* _Data excerpts_
━━━

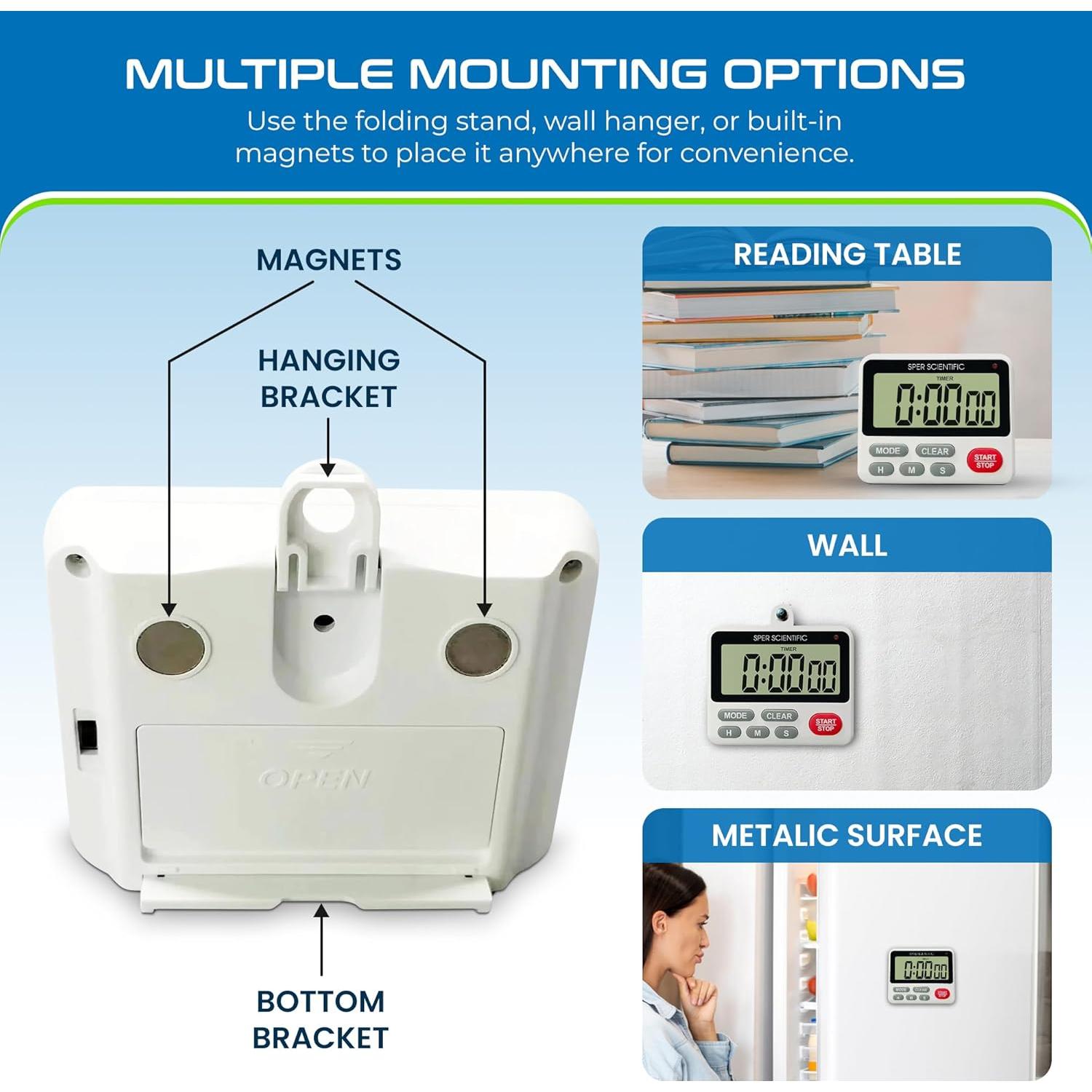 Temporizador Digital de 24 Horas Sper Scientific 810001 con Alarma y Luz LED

━━━

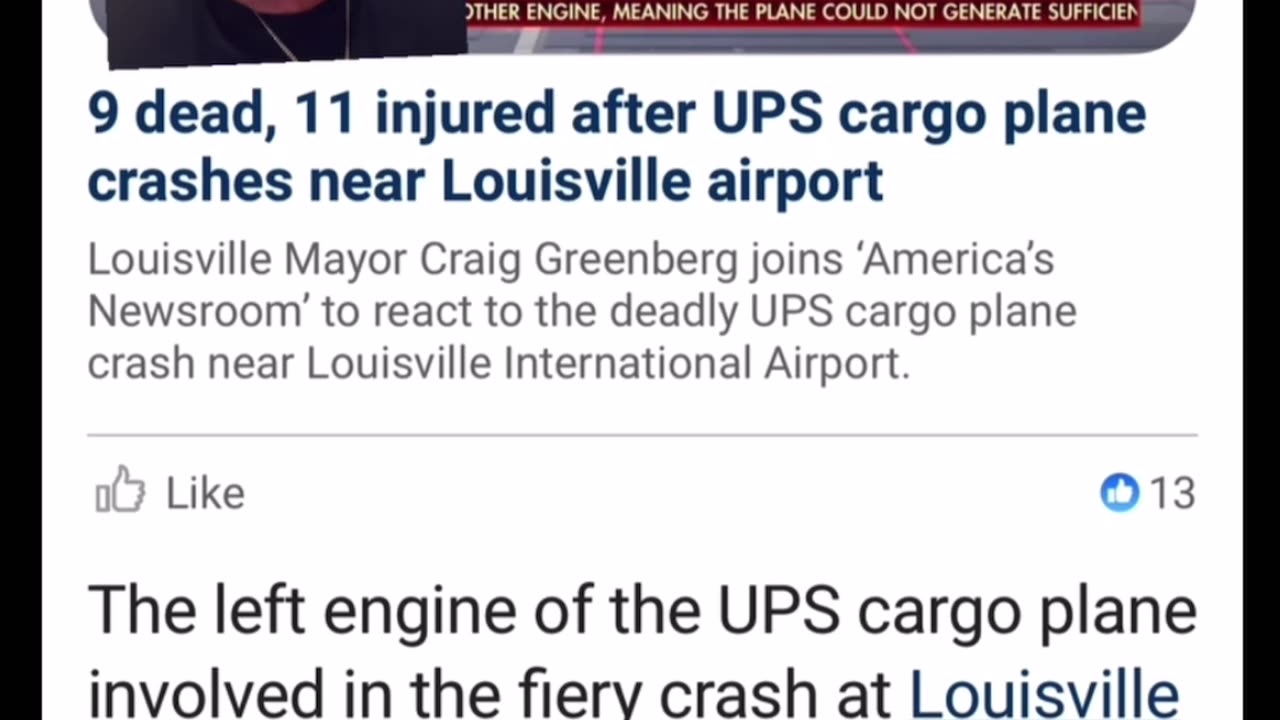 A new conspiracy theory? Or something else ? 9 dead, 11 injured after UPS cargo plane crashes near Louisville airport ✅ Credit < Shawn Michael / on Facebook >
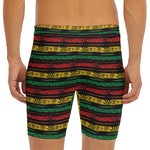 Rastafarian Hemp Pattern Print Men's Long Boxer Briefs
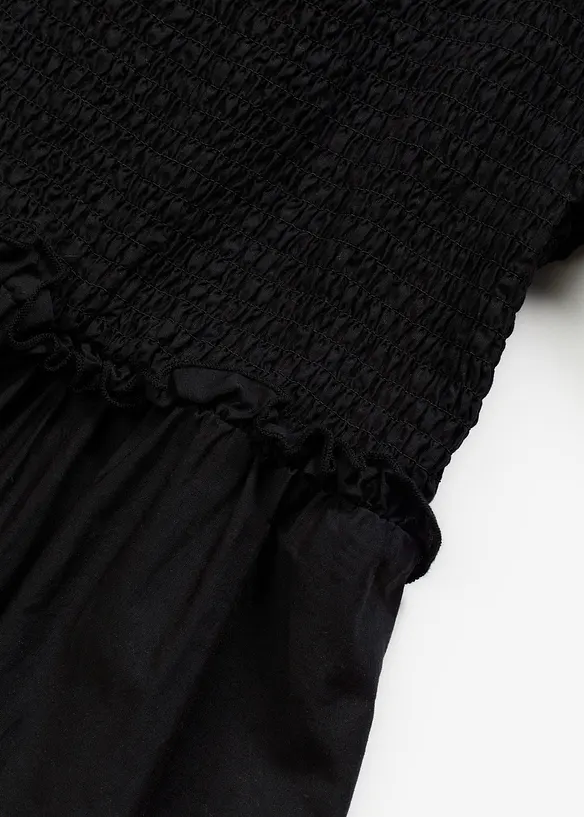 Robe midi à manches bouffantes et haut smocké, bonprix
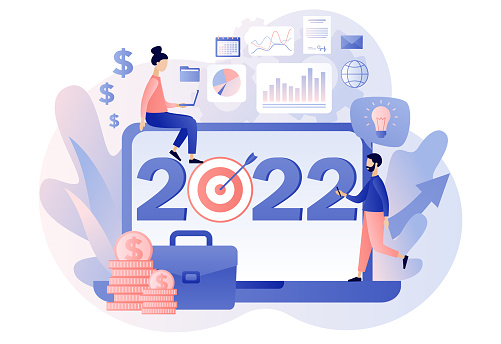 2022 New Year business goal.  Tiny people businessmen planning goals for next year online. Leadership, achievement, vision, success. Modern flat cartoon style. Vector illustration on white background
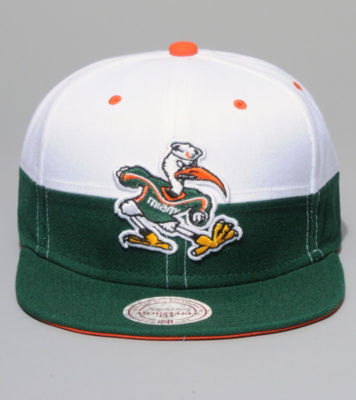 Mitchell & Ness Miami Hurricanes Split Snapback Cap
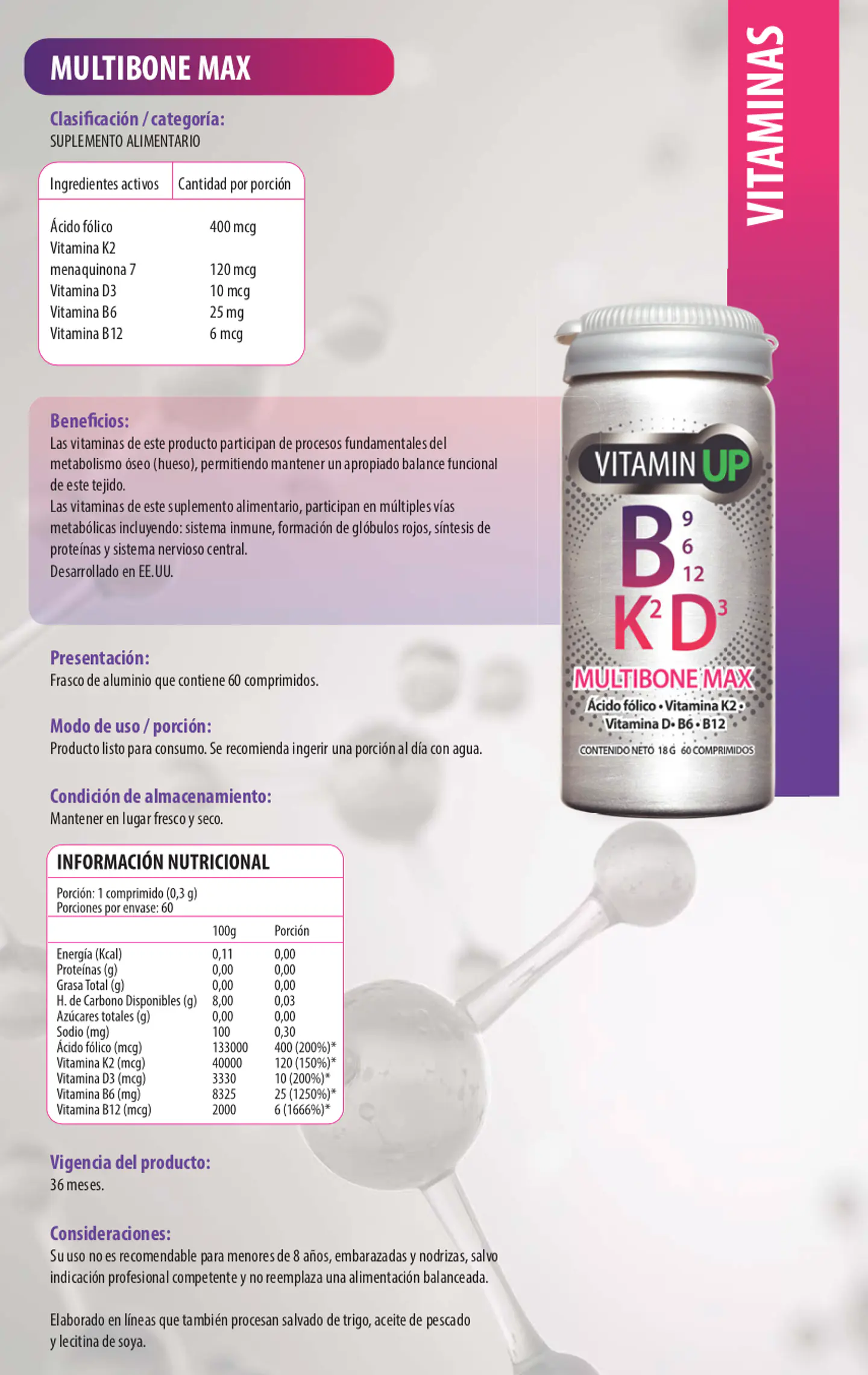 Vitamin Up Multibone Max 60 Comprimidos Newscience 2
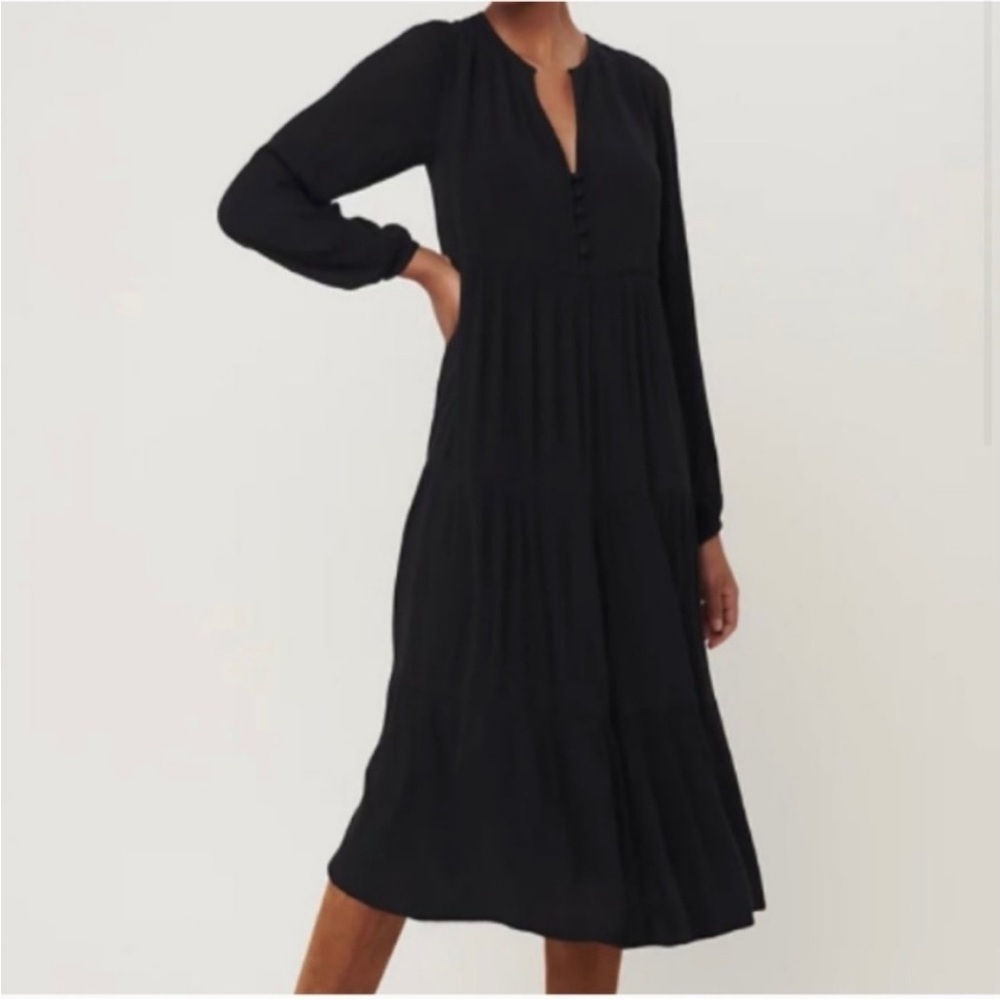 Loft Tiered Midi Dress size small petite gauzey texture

━━━

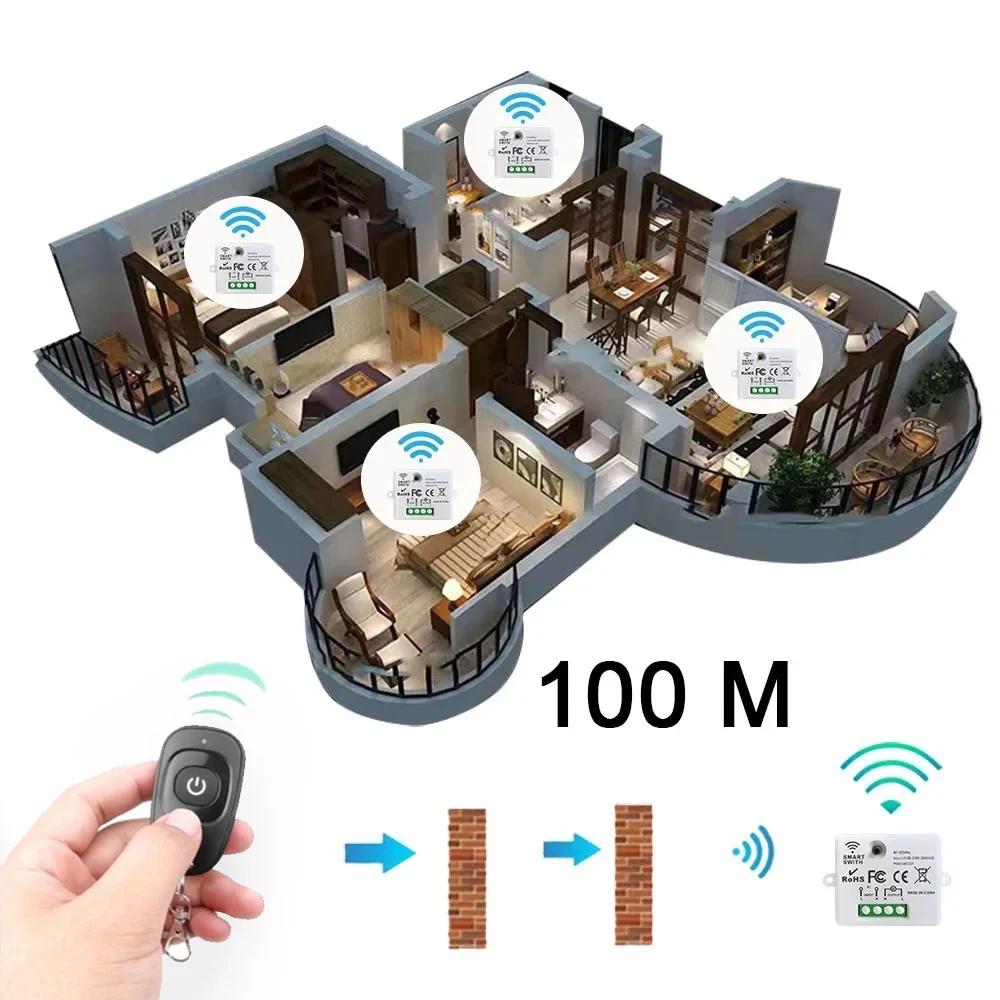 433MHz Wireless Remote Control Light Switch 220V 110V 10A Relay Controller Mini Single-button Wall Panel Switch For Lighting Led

━━━

* _Exercise prompt_
The reply should hold exactly the lines above, starting at the line with "Rastafarian Hemp Pattern" and ending at the line with "Loft Tiered Midi", and no pictures.

* _Response to this task_
 Rastafarian Hemp Pattern Print Men's Long Boxer Briefs
 Robe midi à manches bouffantes et haut smocké, bonprix
 2022 New Year business goal.  Tiny people businessmen planning goals for next year online. Leadership, achievement, vision, success. Modern flat cartoon style. Vector illustration on white background
 Mitchell & Ness Miami Hurricanes Split Snapback Cap
 Vitamin Up Multibone Max 60 Comprimidos Newscience 2
 Loft Tiered Midi Dress size small petite gauzey texture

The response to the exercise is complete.